“Korku, çekinme ve kuşku duymadan inanma ve bağlanma duygusu; emniyet, itimat.” Başlıktaki sözcüğün Türk Dil Kurumu (TDK) Sözlüğü’ndeki karşılığı bu.
*
Türkiye’deki temel sorun işte bu ‘inanma ve bağlanma duygusu’nun; emniyetin, itimadın olmaması. Varsa bile eksik olması. Asıl meselemiz, ülkeye hâkim olan güven değil güvensizlik ortamı.
*
Bugünün Türkiyesinde vatandaş devletine, devlet de vatandaşına güvenmiyor. Acı ama gerçek bu. Aynı güvensizlik devletin farklı kurumları arasında da var aslında. Yakın geçmişten somut örneği hatırlarsınız. Anayasa Mahkemesi ile Yargıtay’ın karşı karşıya gelmesini…
*
Siyasette; iktidar muhalefete, muhalefet iktidara güvenmiyor. Hadi bu anlaşılabilir ama bizde muhalefet partileri, sadece iktidara değil birbirlerine de güvenmiyor. Daha ötesi, iktidarı paylaşanlar arasındaki durum da aynı. Tam bir güvensizlik değil belki ama var olan sınırlı, ihtiyatlı bir güven ilişkisi.
*
Durumu şöyle özetlersek yanlış olmaz sanırım: Bu ülkede yaşayan insanların çok büyük kısmı; - Hâkimin verdiği karara, hekimin koyduğu teşhise, hakemin çaldığı düdüğe tam bir güven duymuyor, duyamıyor.
Hadi detaylandıralım…
İnsanların çoğu;
* Türkiye İstatistik Kurumu’nun (TÜİK) verilerine inan(a)mıyor.
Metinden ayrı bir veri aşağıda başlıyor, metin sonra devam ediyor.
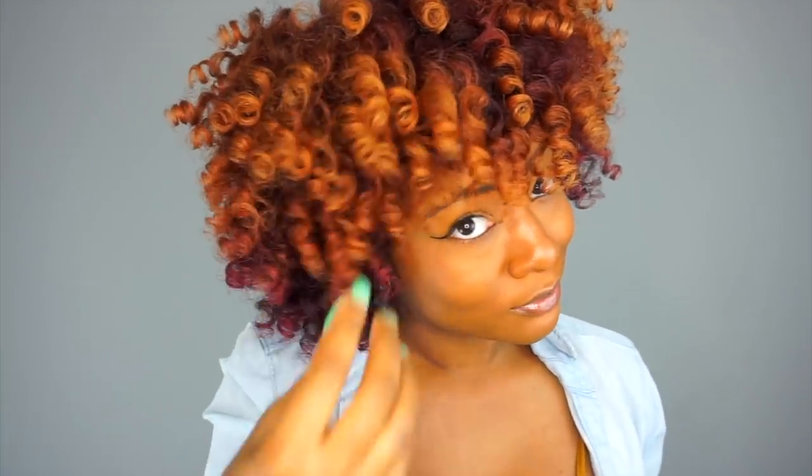So these are my day one curls. To maintain the style, I have three different ways that I sleep. The first way, which is the most effective for me, is to do mini pineapples by looping a scrunchie around my hair and leaving it loose. I only do four, but when my hair was shorter I had to do six, so play around and see what number works for you. With this method I just sleep on a satin pillow — I don't wear a bonnet or anything, I just let my hair lay loose at night.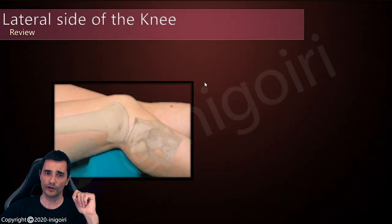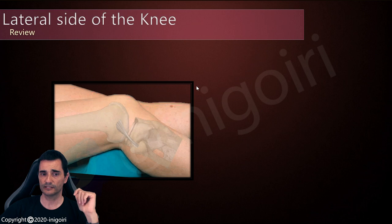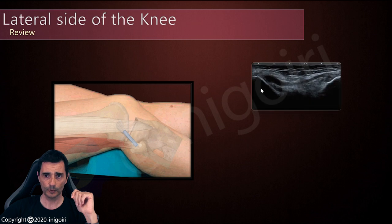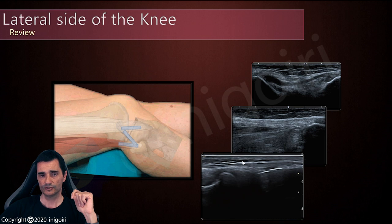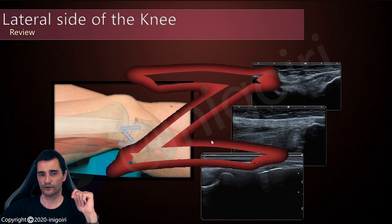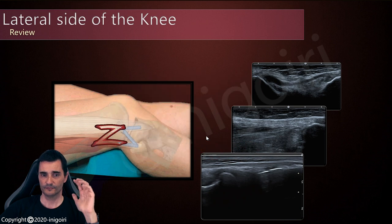A small reminder and review of the structures of the lateral side: we are going to check the lateral collateral ligament, the biceps femoris tendon, and the iliotibial band. If we place the probe slightly anteriorly from the head of the fibula, we will find this image. If we rotate the probe posteriorly, we will find the biceps femoris and the lateral collateral ligament. And finally, if we go anterior, we will find the iliotibial band. So this is the layout, more or less.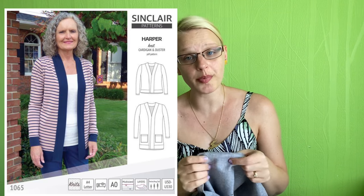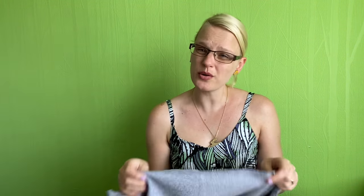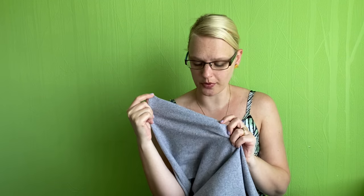I'm thinking of a cardigan for that — possibly either the Helen's Closet Blackwood cardigan or the free cardigan from Sinclair Patterns which is the Harper cardigan. I think it's quite similar to the Blackwood but I'd like to give the Harper a go. It's quite lightweight so it'd be a nice piece just to layer over the top of a t-shirt or a little blouse.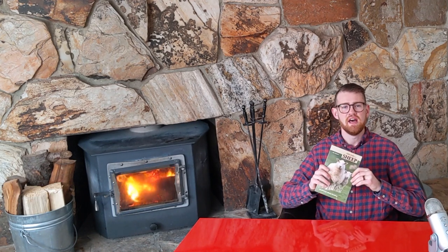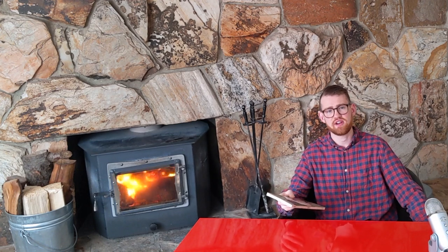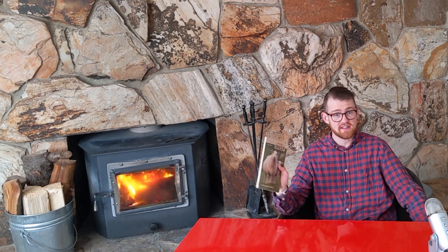I looked at a lot of books — there are probably hundreds of books out there about raising sheep — and what made this one really stand out to me is the small-scale sheep keeping aspect of it. I think it actually stayed true to that. I've read a couple other books that haven't emphasized it as much as this book has, so I really appreciated that.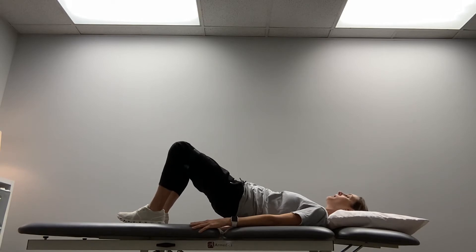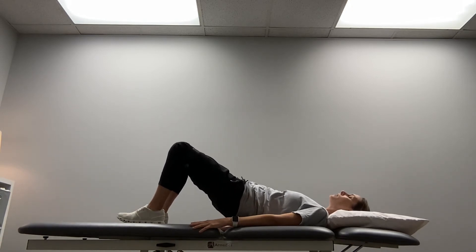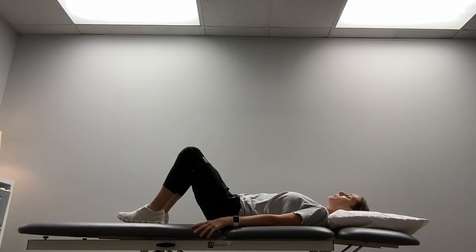We're going to do 10 pulses and then slowly come all the way back down. Always keep that core engaged while you lift. Tension on the band and 10 small pulses at the top — you should feel the core engaged as well as these glute muscles doing the work. 10 pulses and then back down.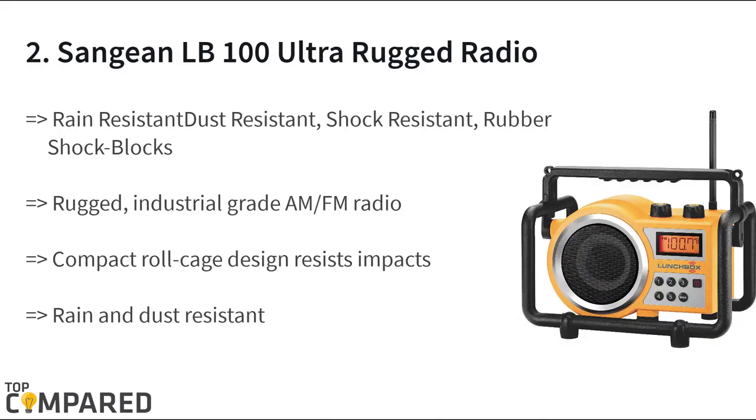The second product on the list is the Sangean PR-D100 ultra-rugged radio receiver. The radio features an industrial-grade body that is dust resistant, rain resistant, and shock resistant, with rubber shock blocks and dynamic loudness. The FM radio gets a roll cage design that prevents any damage due to falls or impact.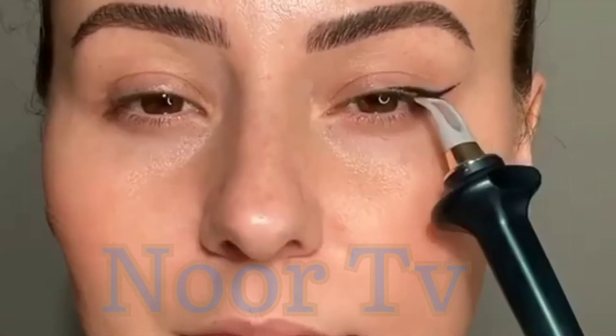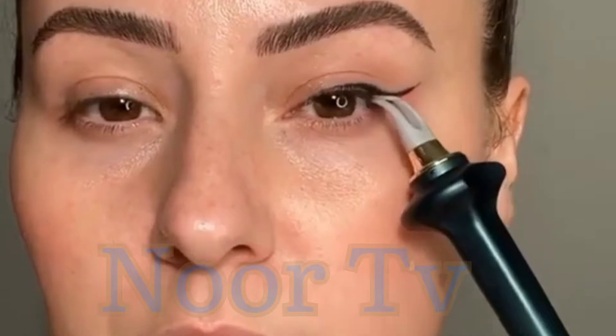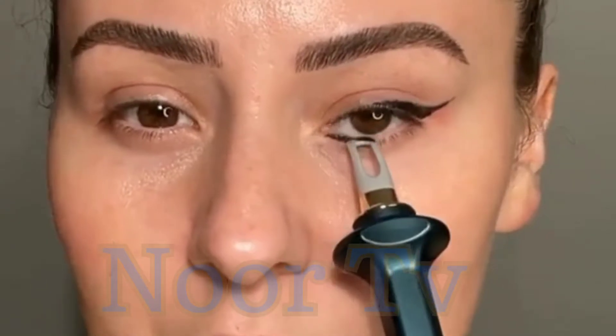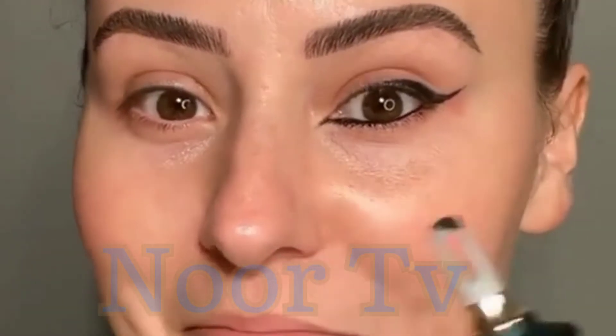Okay, but that was easy — whoa, that was easy! I feel that if you struggle doing the inner part, that was still easy. I'm impressed.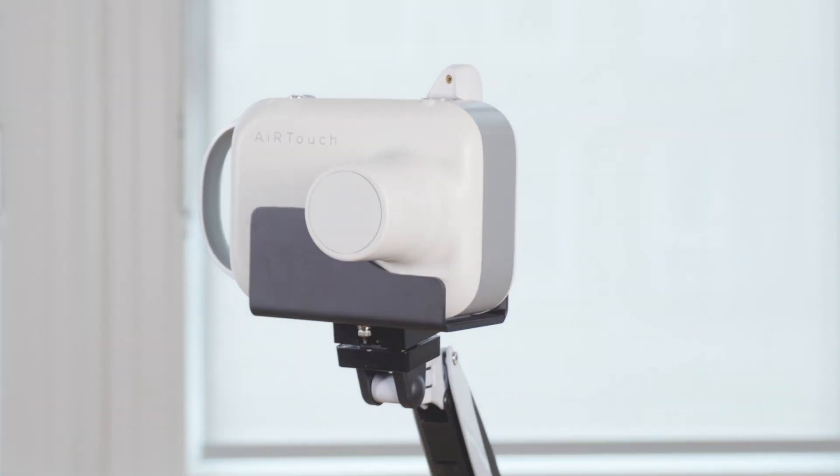And remember, this is an x-ray device, so please follow all local radiation safety laws and guidelines. Contact us to learn more about Europa. Thank you.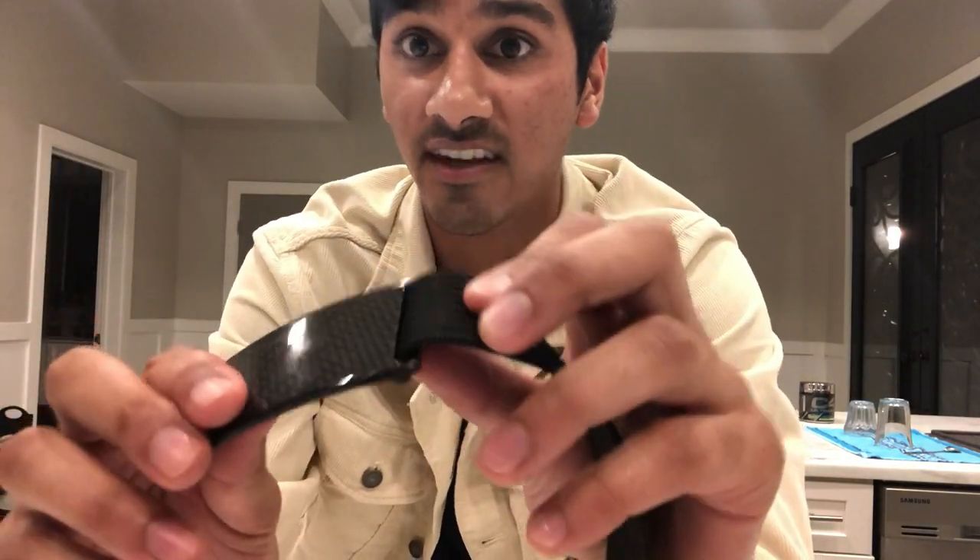To set up these belts is very simple. You take the buckle and the belt itself — there's a smaller side and a thicker side that faces out when you're wearing it. You feed it through the backside like this, and after you do that you'll see the stopper on the inside so you don't even actually see that.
* Herhangi bir konuda ‘bilirkişi’ raporlarına güven(e)miyor. Adli tıp raporlarına, yapı güvenliği denetim raporlarına ve daha birçoğuna…
* Siyasetçilerin söylediklerine inanmıyor, siyaset kurumuna güvenmiyor.
* Gazetecilerin (büyük kısmının) yazdıklarına, söylediklerine inanmıyor, medyaya güvenmiyor.
* Devam etmekte olan ‘Narin Güran soruşturması’nda bir kez daha görmekte olduğumuz gibi; herhangi bir davada bırakın sanığı, tanıkların (ve tabii gizli tanıkların) ifadelerine de inanmıyor.
* Depremlerde yıkılan ve insanlara mezar olan binlerce binaya bakıp müteahhitlere güvenmiyor.
* Para verip aldığı yağlı boya tablonun orijinal olduğuna güven(e)miyor. Orijinallik sertifikasının gerçek olduğundan bile şüphe ediyor.
* Evine gelen tesisatçı ya da elektrikçinin var olan arızayı gidereceğine bile inanmıyor.
* Aynı şekilde, otomobilini götürdüğü sanayideki ustanın, aracı bir kerede ve tam olarak tamir edebileceğine inanmıyor. İşin sonunda karşısına çıkacak faturaya da güven(e)miyor. Yetkili servislerde bile…
* Başına bir şey gelecek olsa, kolluk kuvvetlerinin zamanında müdahale edip kendisini koruyacağından emin olamıyor.
* Yasaların, hatta Anayasa’nın bile herkese eşit şekilde uygulandığına uygulanacağına inanmıyor.
*
Listeyi uzatmak mümkün. Türkiye’de insanlar; parası ve gücü olanın her şeyi yapabileceğine inanıyor. Yapılanların, yapanların yanına kâr kaldığına… Yaşanan birçok olay da bu inancı haklı çıkarıyor maalesef. Geçenlerde Ankara’da rast geldiğim bir ‘kamyon arkası yazısı’ ile bitireyim. (Mesaj öylesine haklı ki, Türkçe yazım hatalarını bir seferlik görmezden geliyorum.)
Pazara sebze-meyve getiren kamyonun arkasında şöyle yazıyordu: “Öyle bir dünyadayız ki; edepsiz edepliyi bastırır, haksız da haklıyı astırır.” Kamyoncu arkadaş ülkenin durumunu bir cümlede özetlemiş!